La question qui taraude les esprits est de savoir si vraiment nos hôpitaux sont capables de prendre en charge les malades atteints de cette grippe dangereuse et qui a resurgi subitement. La réponse semble être toute négative.
Selon des médecins urgentistes qui ont requis l’anonymat, le directeur de l’hôpital a donné instruction de prendre les mesures et les dispositifs nécessaires, mais les moyens très limités dont dispose le CHU de Tizi-Ouzou, la plus importante soit disant structure sanitaire de la Kabylie, ne sont pas pour faciliter les choses.

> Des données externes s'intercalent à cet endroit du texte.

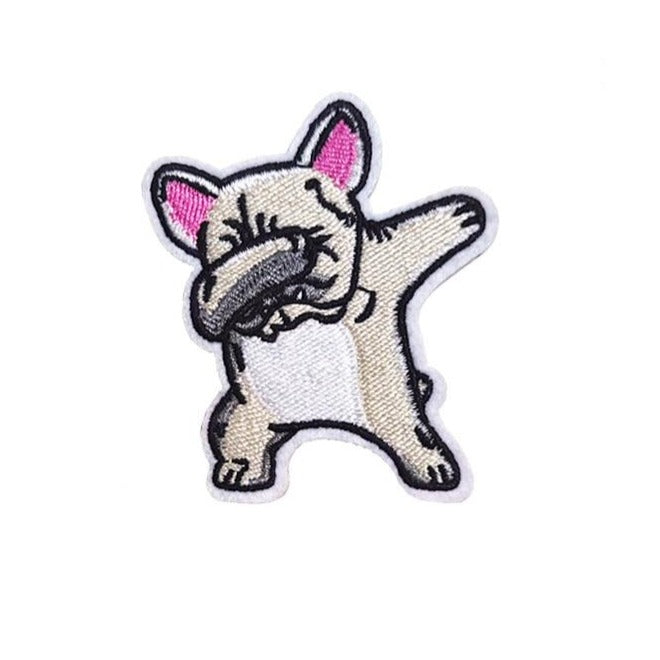 Cute Animal 'Bulldog Dabbing | 1.0' Embroidered Patch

Cette structure est dépourvue des moyens matériels les plus élémentaires pour faire face à une pandémie.
On apprend que plusieurs fonctionnaires et infirmiers et autres médecins ne se sont même pas rendus aux services aujourd’hui, de peur d’être contaminés par la grippe porcine. Les rumeurs les plus folles circulent. La population est prise de panique. On parle de plusieurs morts, alors que l’administration continue toujours de maintenir le silence. Pourquoi on n’informe pas sur ce qui se passe? Les correspondants locaux de presse sont restés sur leur faim. Le directeur de l’hôpital refuse de parler, sauf à des correspondants qui savent et maîtrisent l’art de caresser dans le sens du poil.